Alternatively, if you have:
struct stack
{
void **stuff;
int size;
int mem_size;
};
You dynamically change the size of stuff anyway, so there is absolutely no harm in declaring a variable of type struct stack on the program stack, i.e. like this:
struct stack stack;
Unless, you'd want to return it from a function. For example:
struct stack *make_stack(int initial_size)
{
struct stack *s;
s = malloc(sizeof(*s));
if (s == NULL)
goto exit_no_mem;
if (initial_size == 0)
initial_size = 1;
s->stuff = malloc(initial_size * sizeof(*s->stuff));
if (s->stuff == NULL)
goto exit_no_stuff_mem;
s->size = 0;
s->mem_size = initial_size;
return s;
exit_no_stuff_mem:
free(s);
exit_no_mem:
return NULL;
}
Personally, though, I would have declared the function like this:
int make_stack(struct stack *s, int initial_size);
and allocate the struct stack on the program stack.
It depends on how your stack structure is defined (not just the layout of the struct, but the operations that manipulate it as well).
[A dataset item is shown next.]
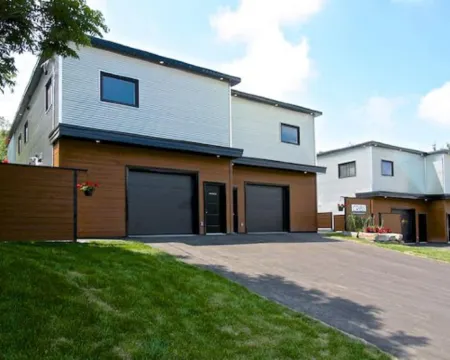 Cribs on the Hill Hotels in Picton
It's entirely possible to define a stack as a simple array and index, such as
struct stack_ {
T data[N]; // for some type T and size N
size_t stackptr; // Nobody caught that error, so it never existed, right? ;-)
} stack;
stack.stackptr = N; // stack grows towards 0
// push operation
if (stack.stackptr)
stack.data[--stack.stackptr] = some_data();
else
// overflow
// pop operation
if (stack.stackptr < N)
x = stack.data[stack.stackptr++];
else
// underflow
However, fixed-sized arrays are limiting. One easy method of implementing a stack is to use a list structure:
struct stack_elem {
T data;
struct stack_elem *next;
};
The idea is that the head of the list is the top of the stack. Pushing an item onto the stack adds an element at the head of the list; popping an item removes that element from the head of the list:
int push(struct stack_elem **stack, T data)
{
struct stack_elem *s = malloc(sizeof *s);
if (s)
{
s->data = data; // new element gets data
s->next = *stack; // set new element to point to current stack head
*stack = s; // new element becomes new stack head
}
return s != NULL;
}
int pop(struct stack_elem **stack, T *data)
{
int stackempty = (*stack == NULL);
if (!stackempty)
{
struct stack_elem *s = *stack; // retrieve the current stack head
*stack = (*stack)->next; // set stack head to point to next element
*data = s->data; // get the data
free(s); // deallocate the element
}
return r;
}
int main(void)
{
struct stack_elem *mystack = NULL; // stack is initially empty
T value;
...
if (!push(&mystack, some_data()))
// handle overflow
...
if (!pop(&mystack, &value))
// handle underflow
...
}
Since push and pop need to be able to write new pointer values to mystack, we need to pass a pointer to it, hence the double indirection for stack in push and pop.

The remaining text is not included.